It’s silly that the USB-C port is the only thing standardized about fast charging

fast charging
Credit: SlayStorm / Shutterstock.com

When it comes to charging a modern Android flagship device quickly, the USB type C port may be standardized, but the myriad of fast charging standards is a tangled, incompatible mess.

In 2009, the European Commission brought together major mobile phone makers who signed a memorandum of understanding for the development of a shared external power supply standard. The ten original signatories soon became 14, and for a while, we had peace and uniformity with the ubiquitous micro-USB chargers we have all come to know and love.

But then the standard 500 milliamps of the USB specification became woefully inadequate for phones and their ever-increasing battery capacities. Charging would take hours, so the industry started developing fast charging standards. 500ma became 1A then 2A still on 5v. Things began to get interesting with Qualcomm’s Quick Charge standard that, in its second iteration, would vary the voltage as well as the amperage to enable charging at up to 12v.

Sounds simple enough, but my experience with the LG G4 at the time turned out to be not so simple. The device successfully enabled Quick Charge with some Qualcomm-certified chargers, but not others. In some extreme cases, it would spend all night trying and failing to negotiate a charging rate and the battery would actually continue to drain. Thankfully, LG did manage to fix most of these teething incompatibilities with later software updates.
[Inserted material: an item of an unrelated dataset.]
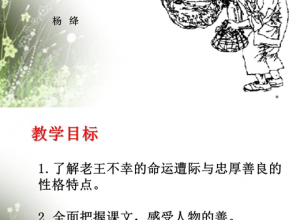 老王ppt免费推荐模板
Fast forward to late 2016, and micro-USB has been superseded by USB-C on all flagship phones. But while the connector may look the same, the jungle of chargers and cables needed to navigate it is ridiculously convoluted.

Because Quick Charge is a Qualcomm standard, it can only be enabled on devices with Qualcomm chipsets. With Mediatek making significant inroads, many manufacturers are now in the odd position of having Qualcomm Quick Charge phones selling alongside Mediatek Express Pump phones in their lineup, using the same-looking but electronically incompatible USB-C charger.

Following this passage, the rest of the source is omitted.